● **Task objective**: In the listing that follows, find the line with "Фото автомобиля FORD", then copy exactly from it through the line with "Седан Volkswagen Passat 2014 в Киеве", leaving out every picture.

● **Supplied information**:
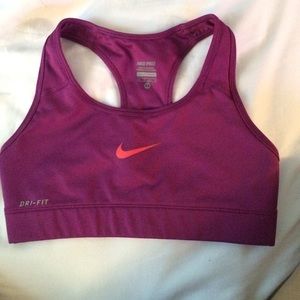 RARE magenta/purple nike sports bra
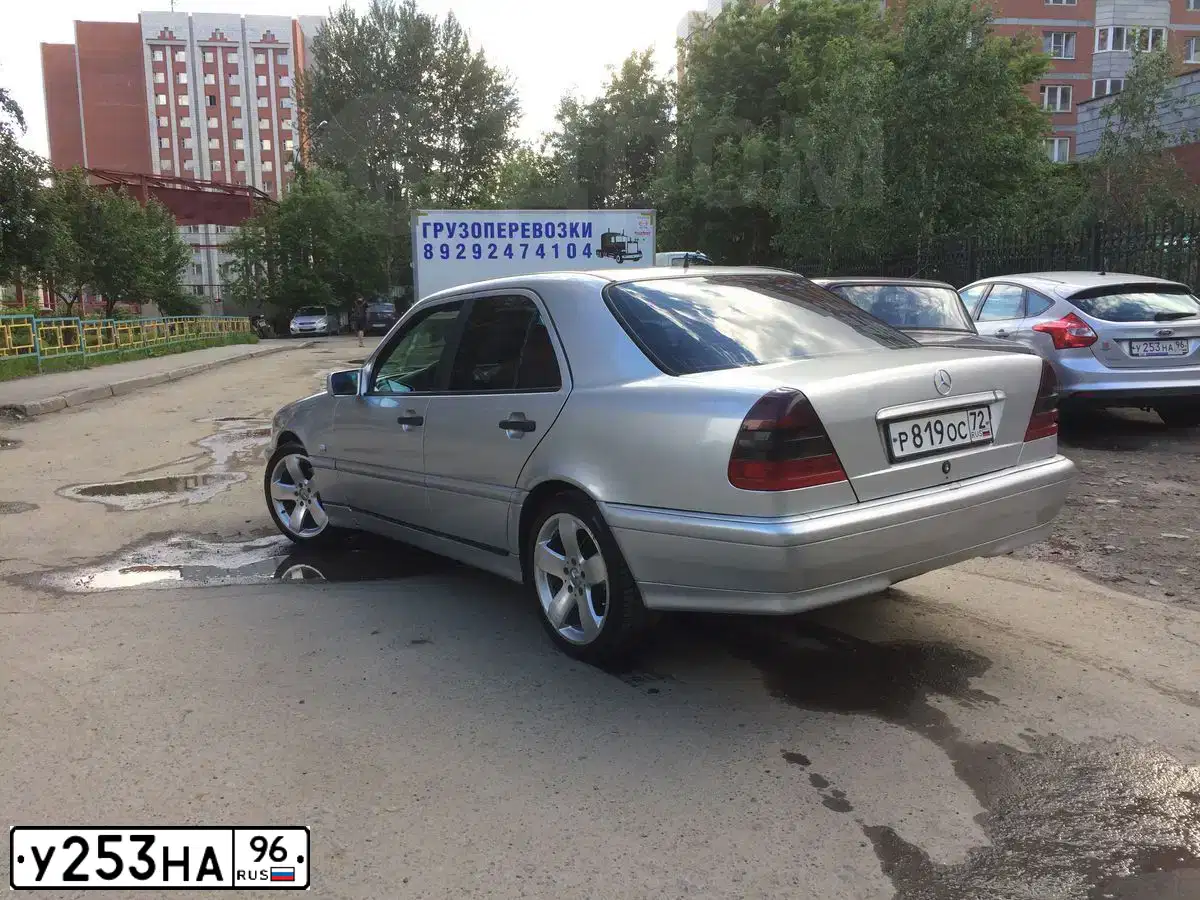 Фото автомобиля FORD FOCUS, 2012 — госномер У253НА96. Цвет: СЕРЕБРИСТЫЙ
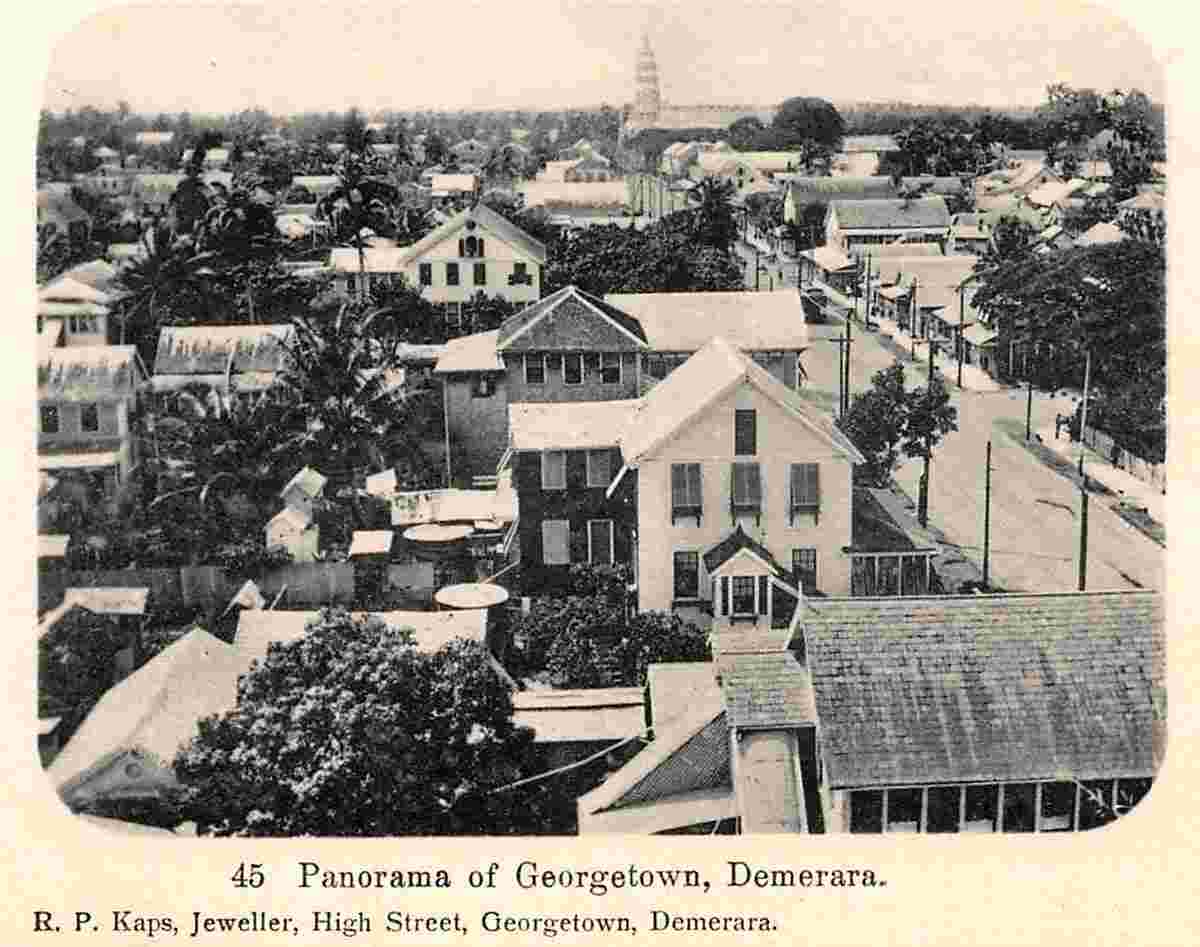 Georgetown. Panorama of town street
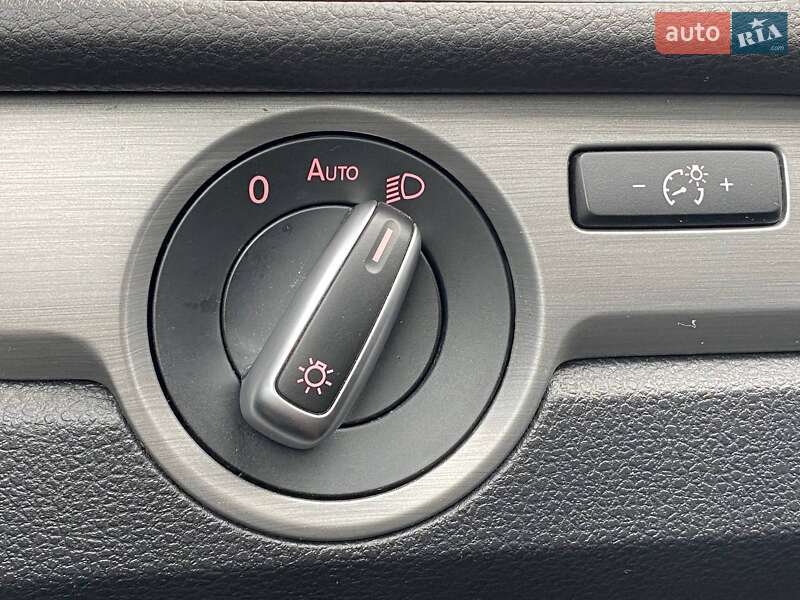 Седан Volkswagen Passat 2014 в Киеве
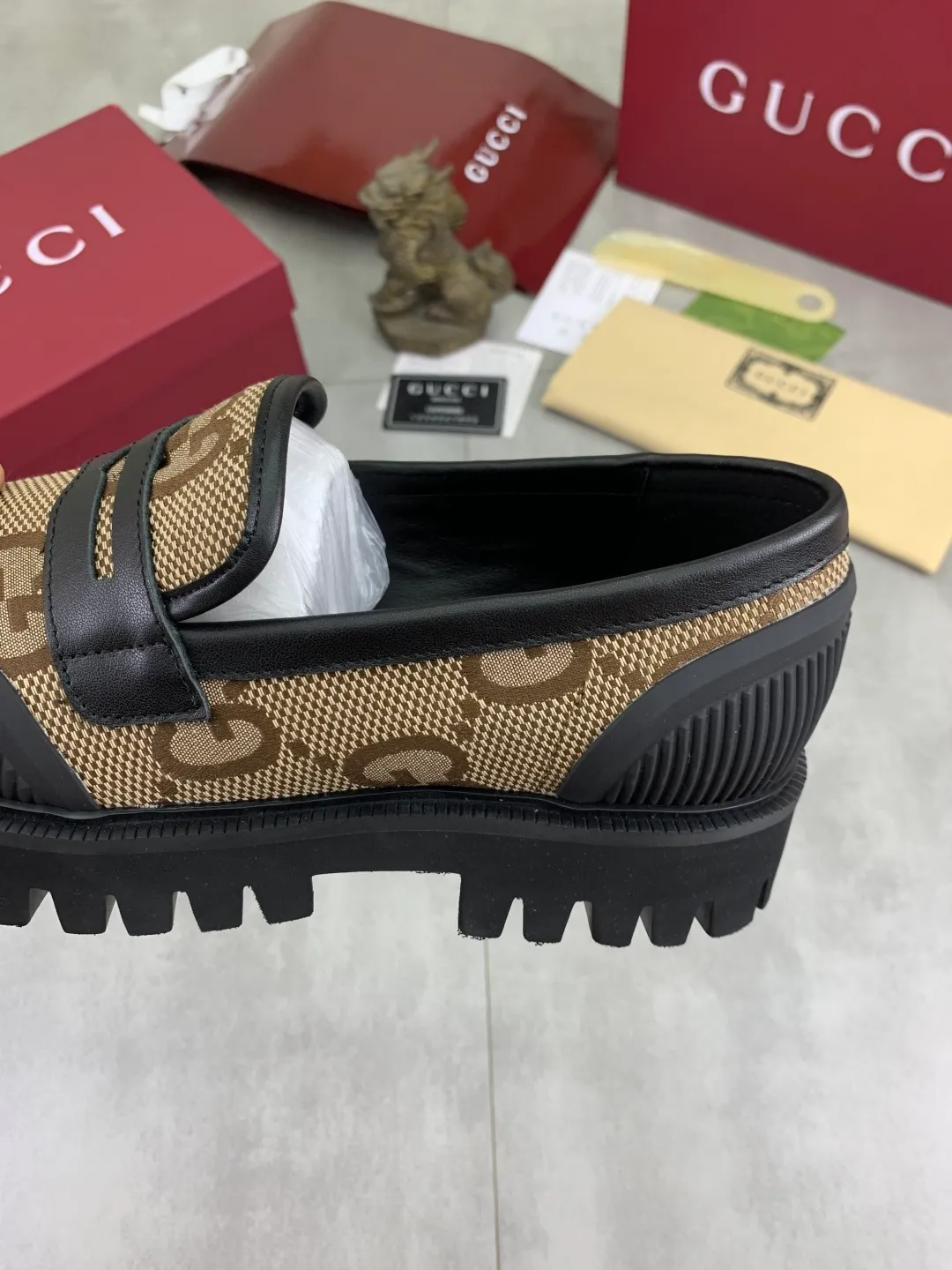Men's Men's Shoes💰P440💰[New Style] Gucci lazy slip-on couple 🧑‍🤝‍🧑 best selection of leather shoes (Gucci) official website latest Gucci lazy 🎁 leather shoes, hot style 💥 style is simple and elegant, exclusive for trendy men. Unique official website latest brand original double G pressure Floral elements 👑 Original Gucci decoration, fashionable and elegant, original calf leather with double G denim ✅ Fully imported soft sheepskin lining, official website designated wear-resistant, rubber business outsole, classic model taken in person 🎬 Size: 36-46 Various colors available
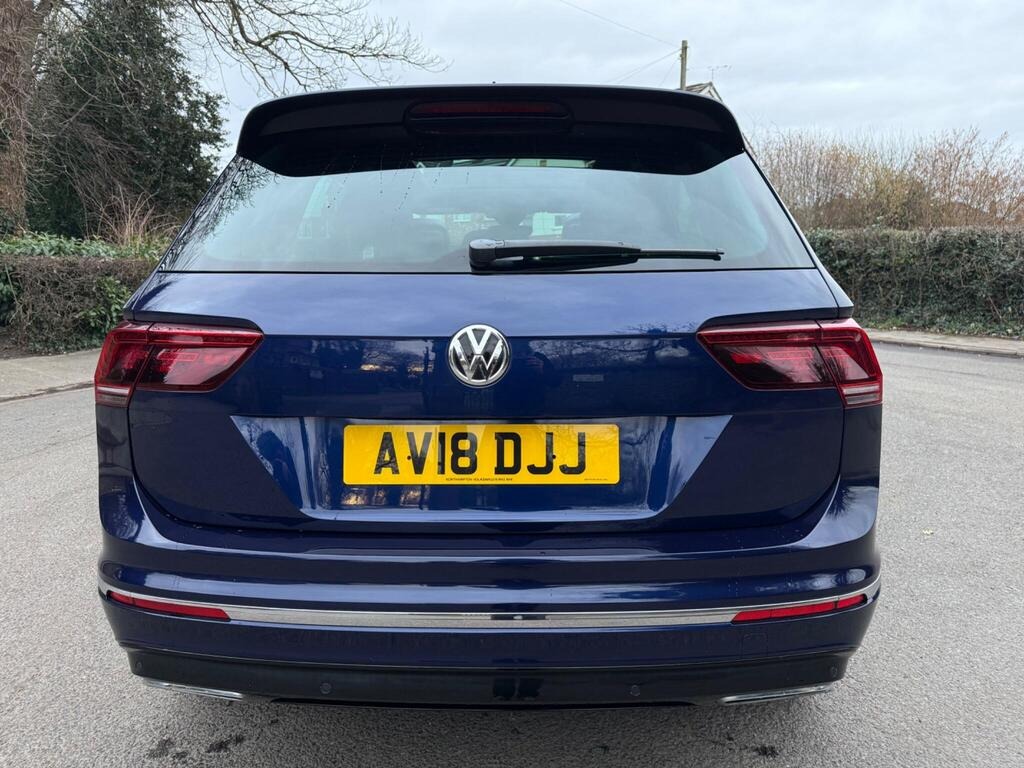 
								2018 Volkswagen Tiguan 2.0 BiTDI R Line DSG 4 Motion 2.0L full									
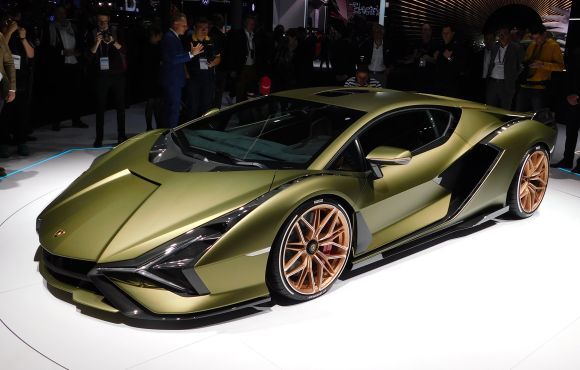 Bảng giá xe Lamborghini mới nhất tháng 1/2020: “Chúa tể” Lamborghini Aventador S 2020 niêm yết 40 tỷ đồng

● **Result for this task**:
 Фото автомобиля FORD FOCUS, 2012 — госномер У253НА96. Цвет: СЕРЕБРИСТЫЙ
 Georgetown. Panorama of town street
 Седан Volkswagen Passat 2014 в Киеве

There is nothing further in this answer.